Listed records -
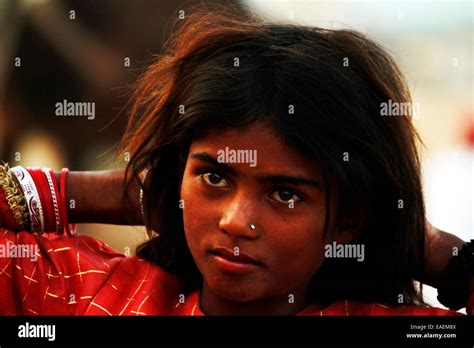 Child Girl Poor Villager Indian Pushkar Rajasthan India Stock
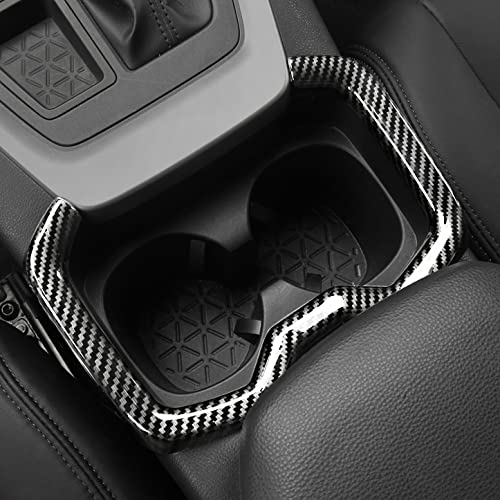 HIGH FLYING für RAV4 XA50 2019-2022 Kohlefaserfarbe Interieur Mittelkonsole Getränkehalter Dekor Cover 1 Stück ABS Kunststoff von HIGH FLYING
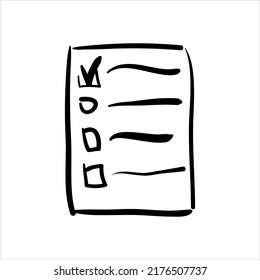 art illustration sketch abstract hand draw vector symbol icon of paper check box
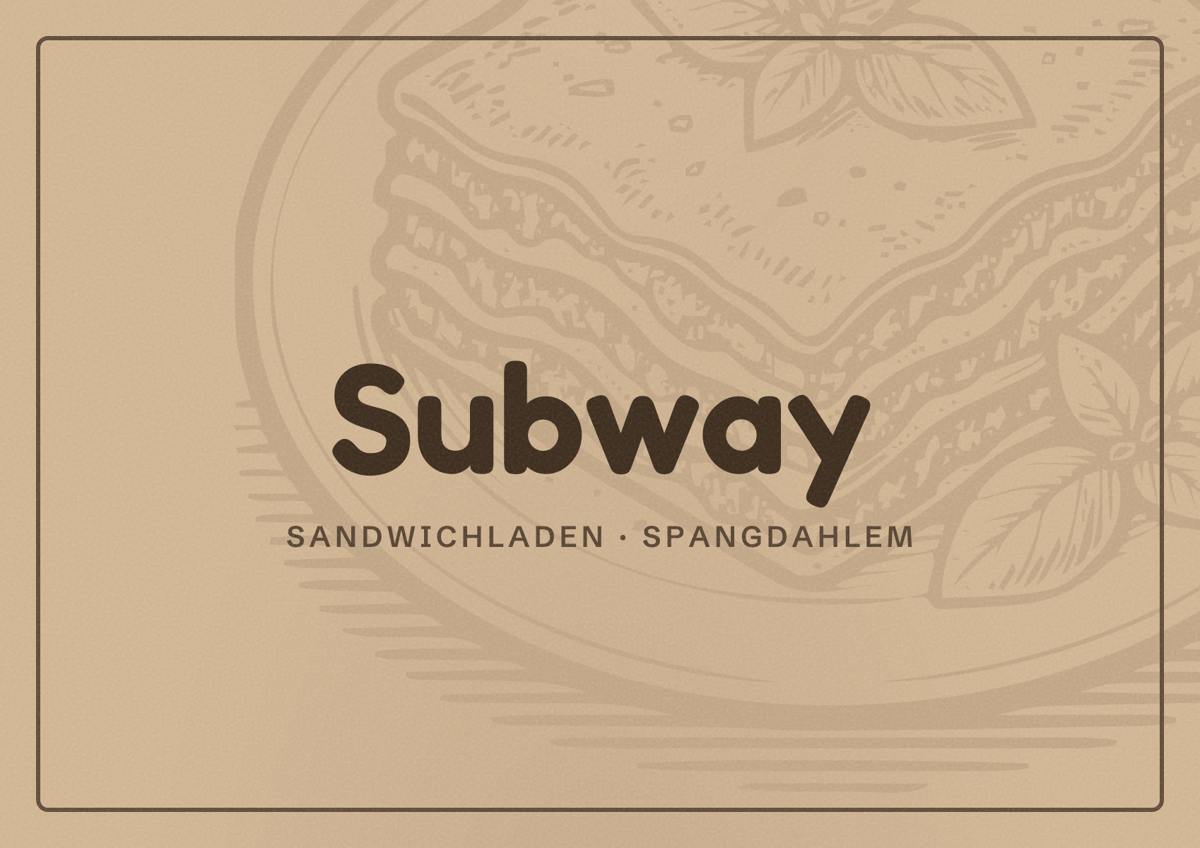 Illustriertes Poster von Subway, Sandwichladen in Spangdahlem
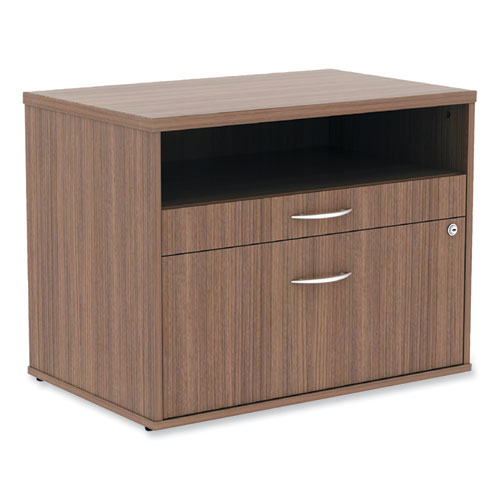 Alera Open Office Desk Series Low File Cabinet Credenza, 2-Drawer: Pencil/File, Legal/Letter, 1 Shelf,Walnut,29.5x19.13x22.88-(ALELS583020WA)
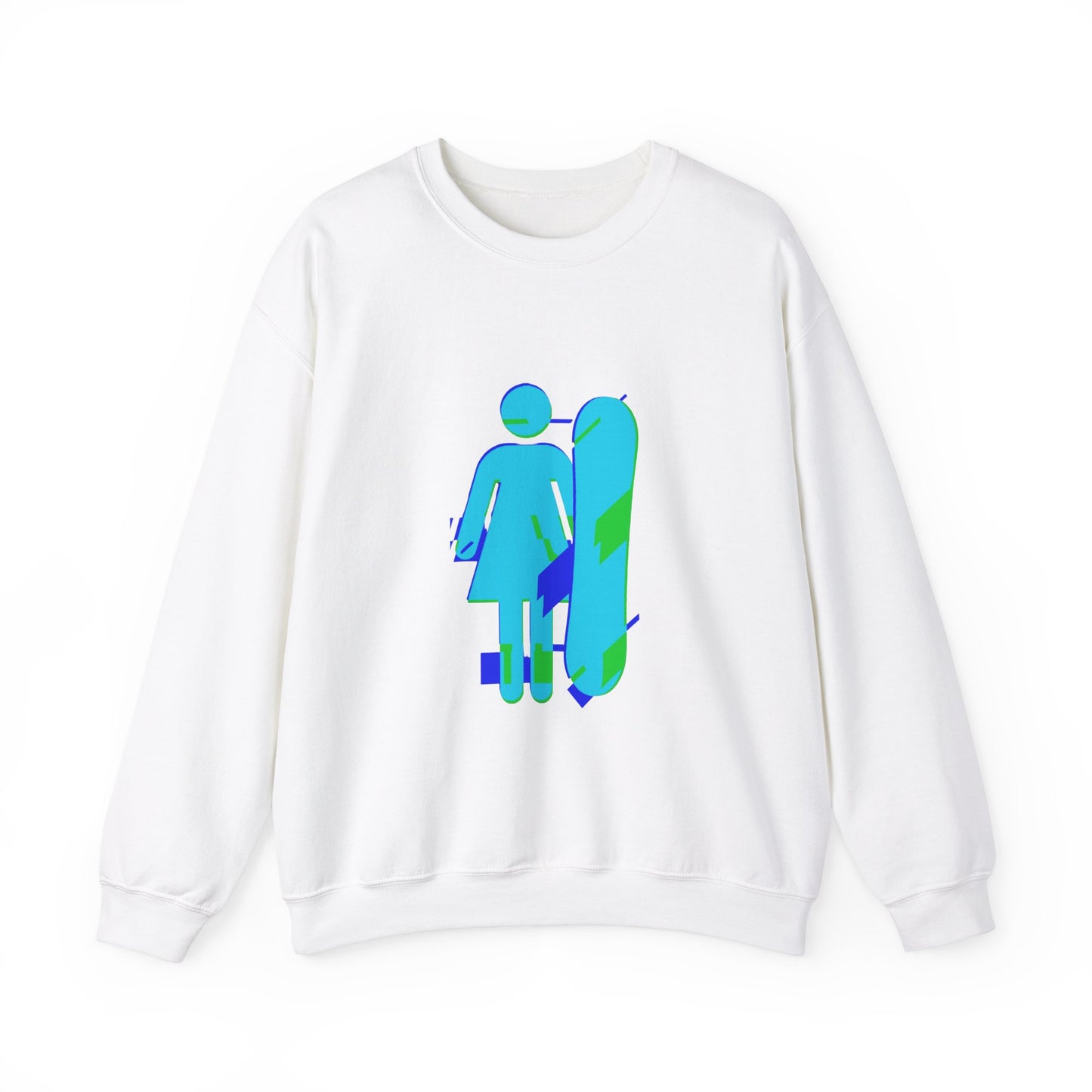 Female Snowboarder Crew Neck Sweatshirt Hoodie - Blue Green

What you are asked to do -
No pictures should appear; only the lines from the first line of the records through the line with "HIGH FLYING für", both included, are to be restated word for word.

Solution -
 Child Girl Poor Villager Indian Pushkar Rajasthan India Stock
 HIGH FLYING für RAV4 XA50 2019-2022 Kohlefaserfarbe Interieur Mittelkonsole Getränkehalter Dekor Cover 1 Stück ABS Kunststoff von HIGH FLYING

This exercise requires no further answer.